As the parent of two kids at a specialized high school and PTA co-president at Brooklyn Tech, plus someone who’s helped dozens of families navigate the high school process over the past couple of years, I have some advice for the DOE that could make a constructive difference going forward.
Let every single seventh (even sixth grade) family know about the specialized high schools — what they are, what they offer, how seats are awarded — early enough so students can prepare. It’s a hard test, with info not covered in school. Kids need plenty of time to study and prep.
Have a direct line of communication from the DOE to parents with SHSAT specific and general high school information. Send emails. Create videos. Translate. For families without computer access who don’t check websites or get email find other ways to get the message out. Provide written materials. Mail info. Send fliers home with kids, asking parents to sign and return. Make robo calls. Engage teachers and administrators to support sharing your messages. Send people to speak at elementary and middle school PTA and community meetings. Host more high school information sessions citywide in a variety of locations.
Establish what needs to be shared and insist on buy in. Every child in every school should be getting information. The same information. In a timely and organized fashion. And hold administrations and guidance accountable for making sure families are informed.
Provide test prep, for free, for all those interested.
Have every 8th grader take the SHSAT. This way every child has an opportunity to earn a seat. And perhaps create a PSHSAT for 7th graders, along the lines of the PSAT. Give it in school to every single kid so they know what to expect and how they can prepare.
It shouldn’t fall to the specialized high schools themselves to solicit prospective students. The schools themselves have no choice in who gets offered seats. Support help for kids on the cusp. Fund summer programs and build outreach time and materials into budgets.
Not all kids are leaving their elementary and middle schools having learned and mastered what they should. Universal pre K is a great start. But in order for kids to succeed in specialized high schools, they’ve got to have solid fundamentals under their belts.
Specialized high schools are not for everyone. They are rigorous and demanding with challenging academic goals for each and every student and those not always the best fit for everyone.
19,000 or so students take the SHSAT. Close to 5000 earns seats. They deserve a massive shout out for their hard work and accomplishments.
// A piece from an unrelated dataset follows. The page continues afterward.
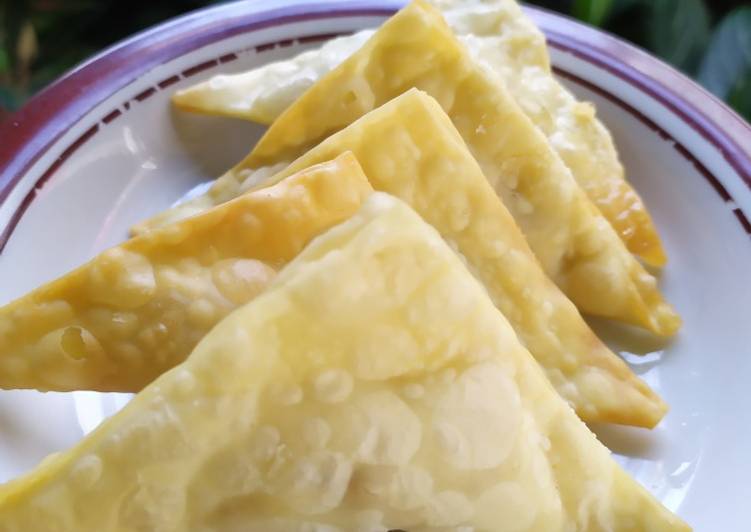 Bagaimana Menyiapkan Samosa Pangsit Isi Ayam yang Enak
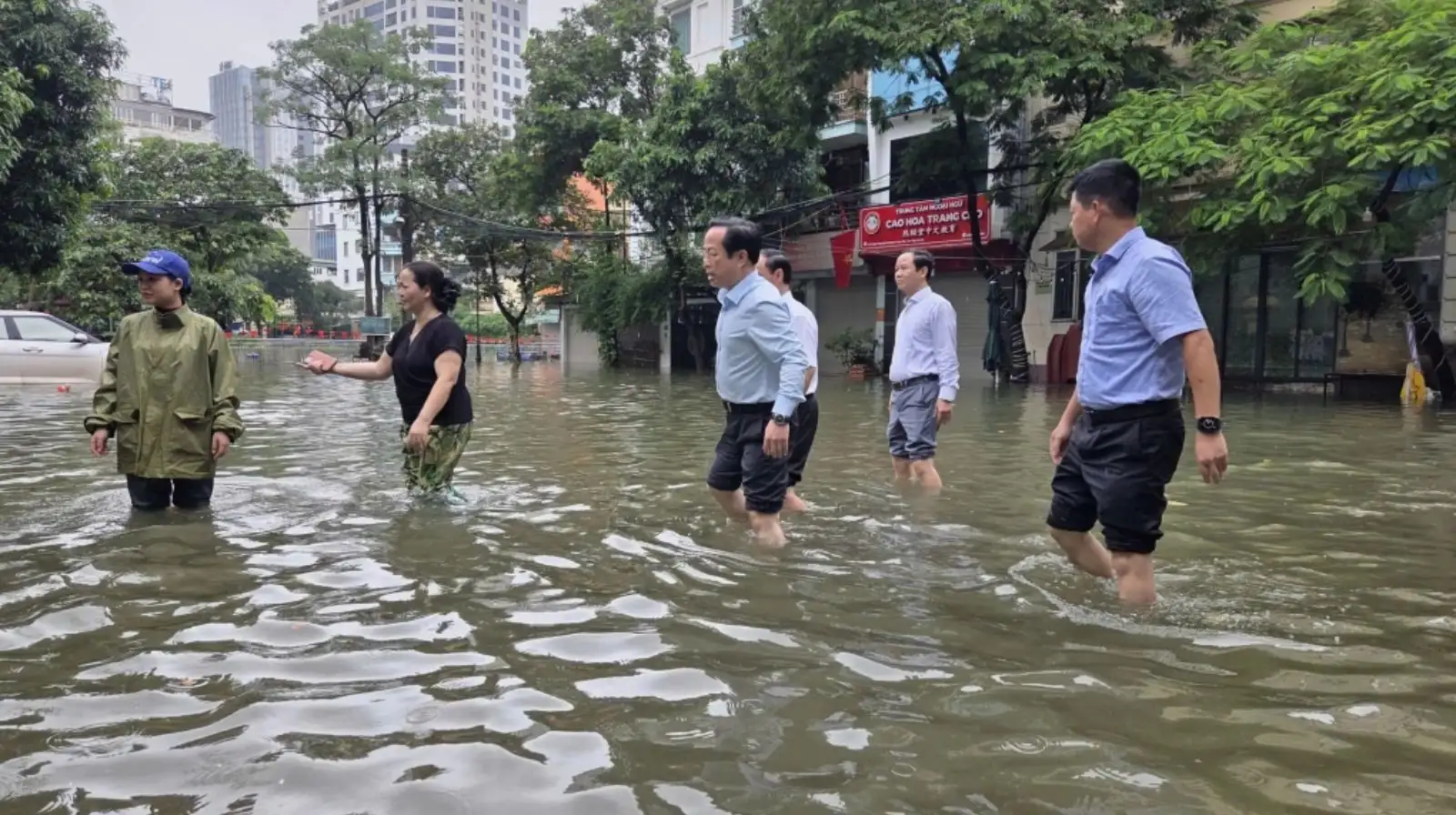 Mưa lớn lịch sử, Hà Nội học online 3 ngày: Khi an toàn là ưu tiên số 1 của nhà trường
Within Fair Student Funding, each specialized school should be getting a weighted amount in their budgets per student. Not all specialized high schools are being funded equally. When a student earns one of those coveted seats, they should expect funding equal to their specialized counterparts.
Yes, every child in the city deserves the opportunity to vie for a specialized high school seat. No, these schools aren’t appropriate for all. But, at the end of the day, the job of the DOE, of schools, of parents, of communities, is to make sure every one of them has the chance.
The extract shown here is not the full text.